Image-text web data
****
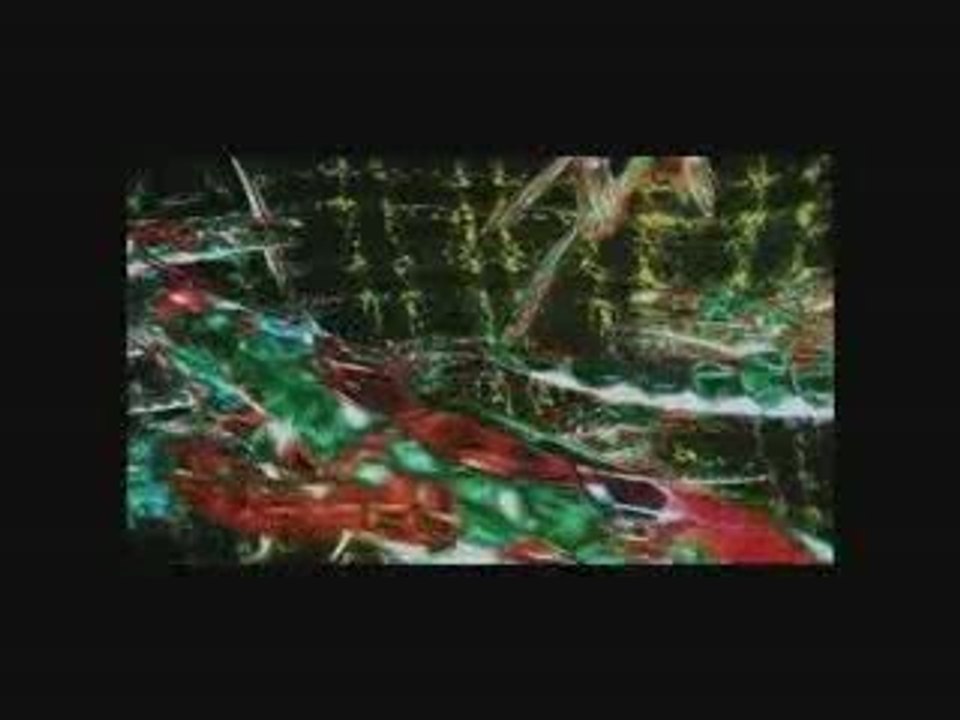 Tribal Distortion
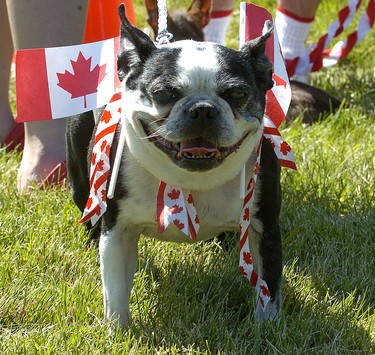 CANADA DAY 2011: Peggy, a six-year-old Boston Terrier owned by Allan Cooper of Komoka, was dressed and ready to participate in the annual Canada Day Del-Ko-Brydge parade on Friday July 1, 2011 in Komoka. (Sue Reeve/The London Free Press)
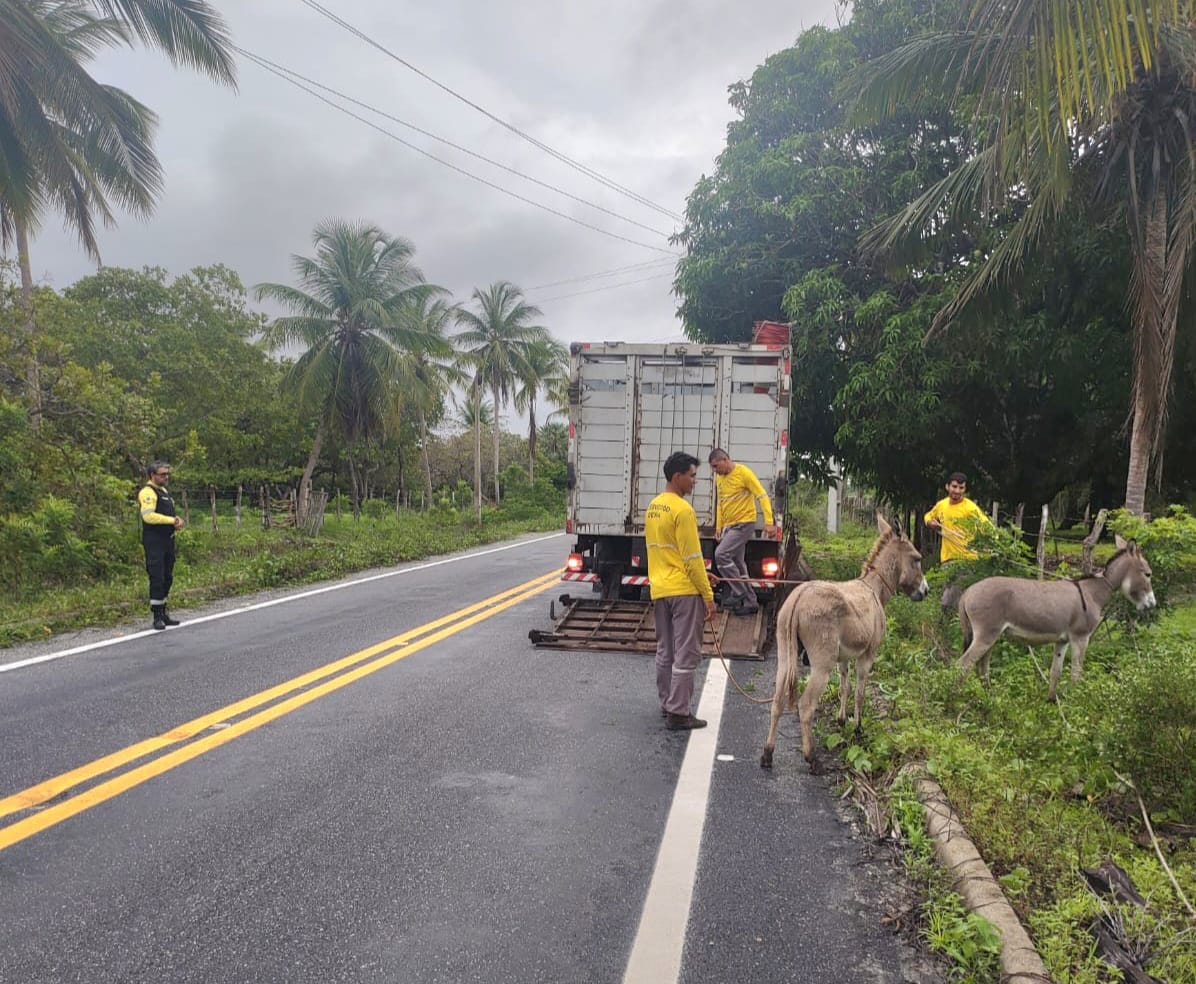 Detran-CE recolhe 66 animais abandonados nas CEs durante o Carnaval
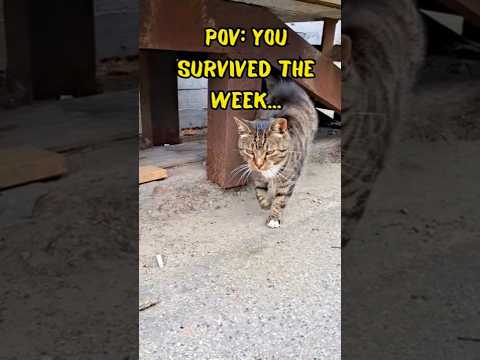 POV: When Saturday finally hits 🐱 But You're Still In Friday Mood ✔️ #relatable #weekendmood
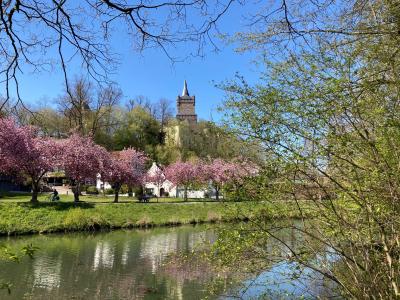 Blick auf die Schwanenburg, im Vordergrund der Kermisdahl mit blühenden Kirschbäumen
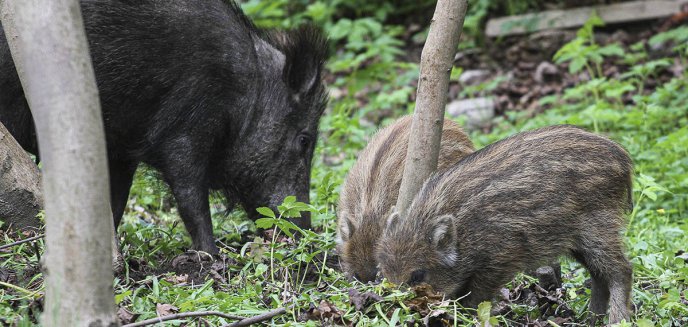 Potrącił dzika i odjechał. Za nieudzielenie pomocy zwierzęciu może ponieść surowe konsekwencje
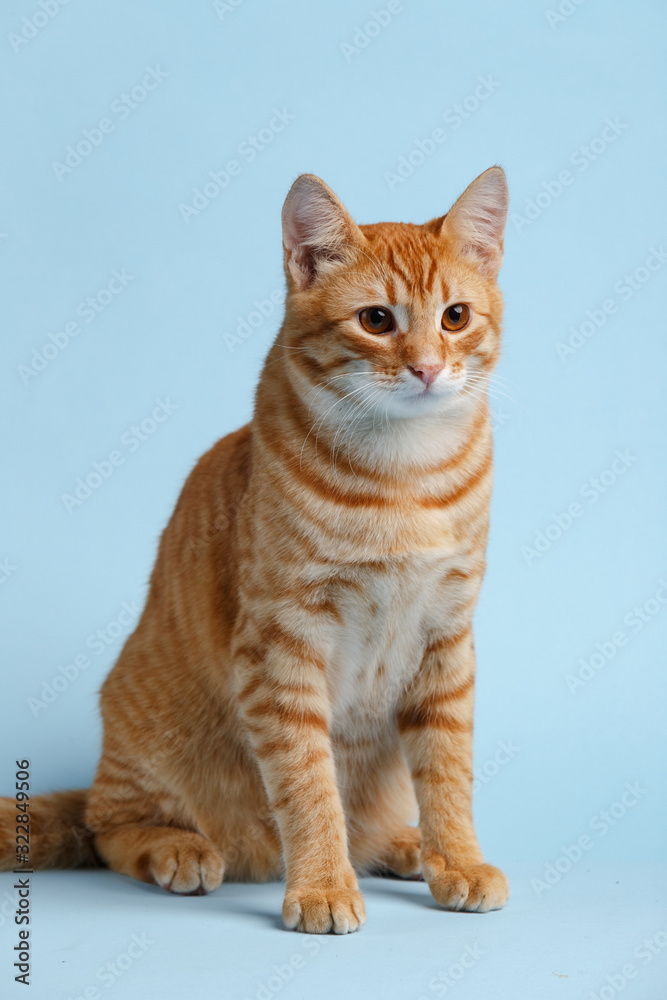Fototapeta premium Cute red cat on a blue background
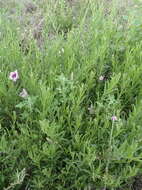 Image of Ipomoea oenotheroides (L. fil.) A. Meeuse & Welman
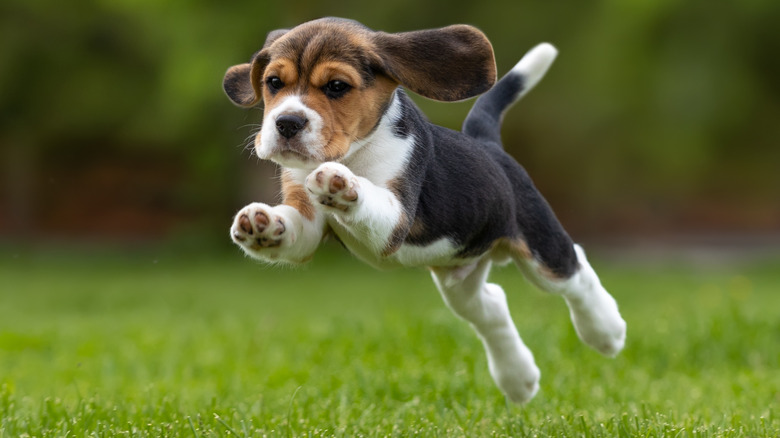 Beagle puppy running outside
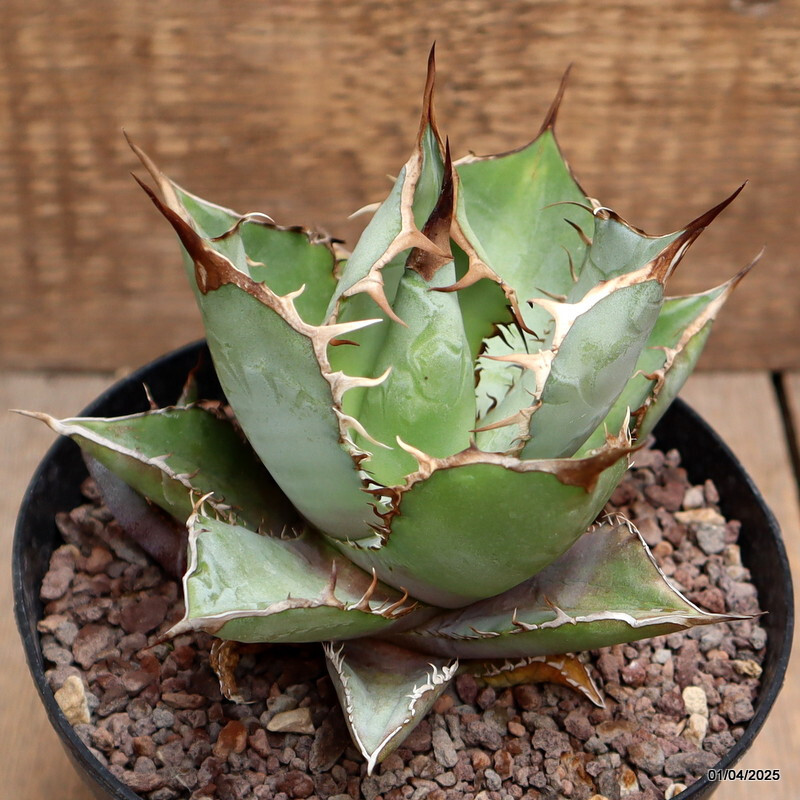 D116 AGAVE TITANOTA WHITE ICE pot14-H11-W12 cm MaMa Cactus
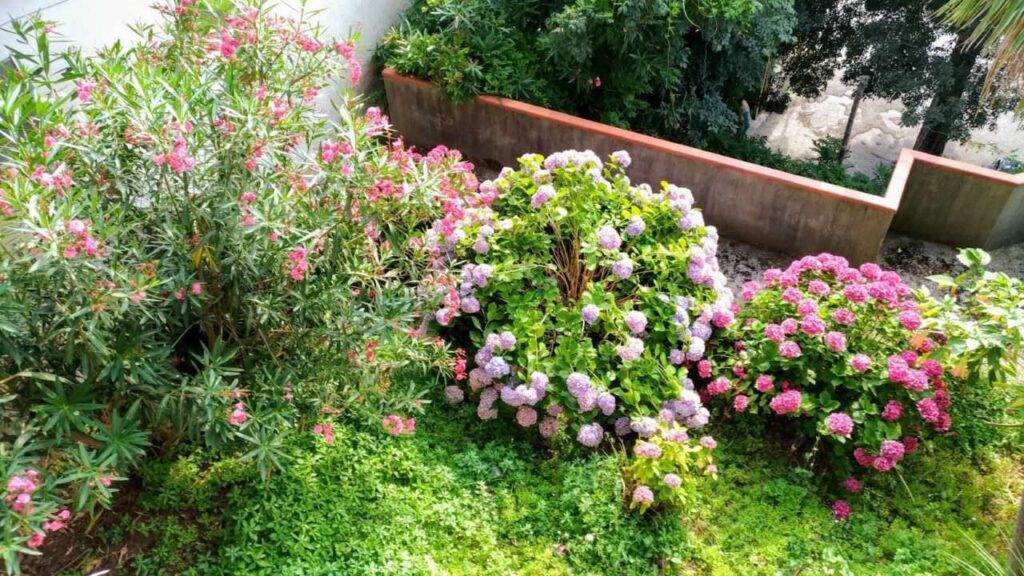 7 Siepi fiorite da giardino, storia e vantaggi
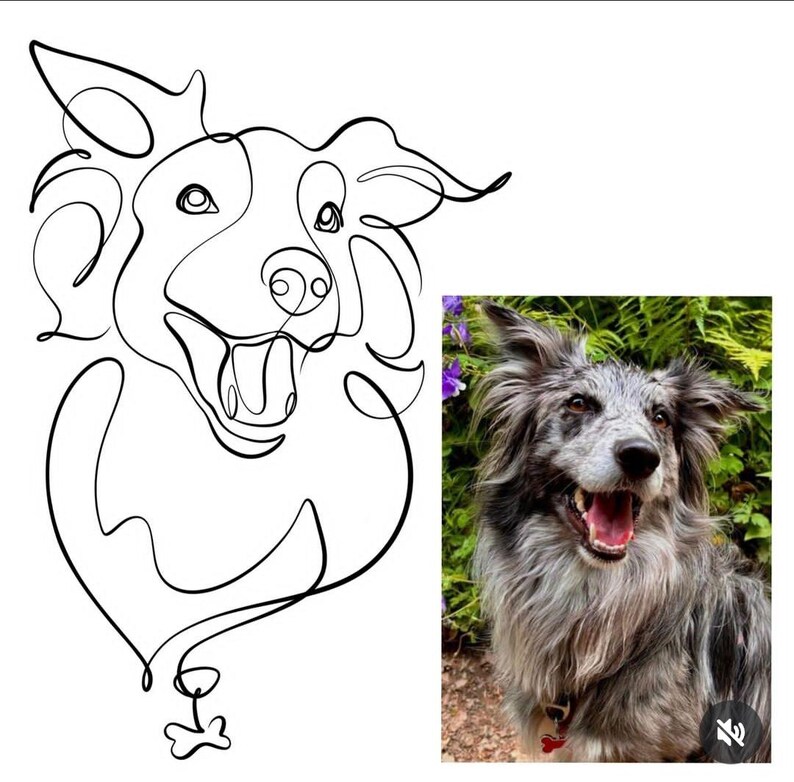 May include: A split image featuring a black line drawing of a dog's head and a color photograph of a dog. The line drawing is a continuous line, depicting the dog's features. The photograph shows a dog with gray and white fur, a red collar, and an open mouth.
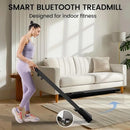300 Ibs Weight Capacity 2.5 HP 2 in 1 Portable Treadmill for Home with Remote Control LED Display Walking Pad Treadmill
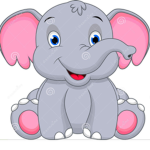 The elephant's!!!!!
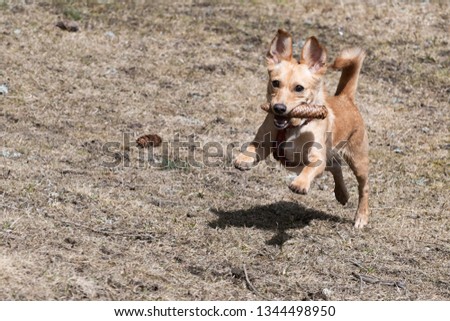 Cute little brown Rat Terrier Chihuahua mix dog running with conifer cone in its mouth on dry meadow grass. Pets, animal friend, play and dog obedience training concepts.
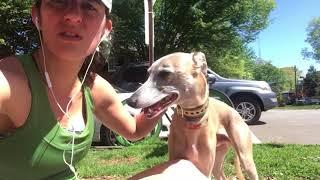 Whippet Running! Is a dog's barking the owner's fault?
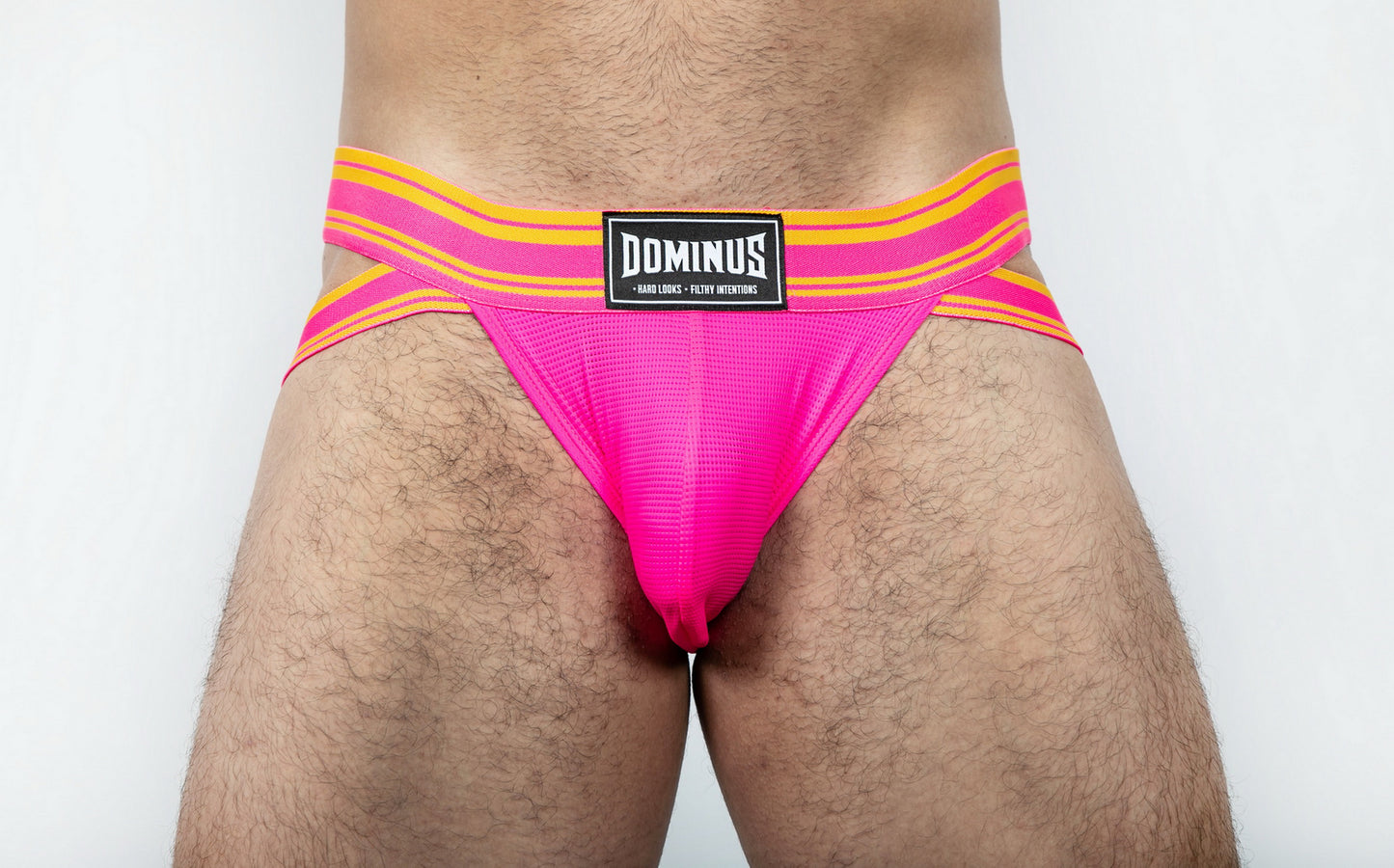 Dominus HyperFlex Brief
****
**WHAT THE EXERCISE ASKS:** Beginning with the line that contains "May include: A", output every line down to the last line of the entries above exactly as written, apart from the pictures.

**EXERCISE SOLUTION:**
 May include: A split image featuring a black line drawing of a dog's head and a color photograph of a dog. The line drawing is a continuous line, depicting the dog's features. The photograph shows a dog with gray and white fur, a red collar, and an open mouth.
300 Ibs Weight Capacity 2.5 HP 2 in 1 Portable Treadmill for Home with Remote Control LED Display Walking Pad Treadmill
 The elephant's!!!!!
 Cute little brown Rat Terrier Chihuahua mix dog running with conifer cone in its mouth on dry meadow grass. Pets, animal friend, play and dog obedience training concepts.
 Whippet Running! Is a dog's barking the owner's fault?
 Dominus HyperFlex Brief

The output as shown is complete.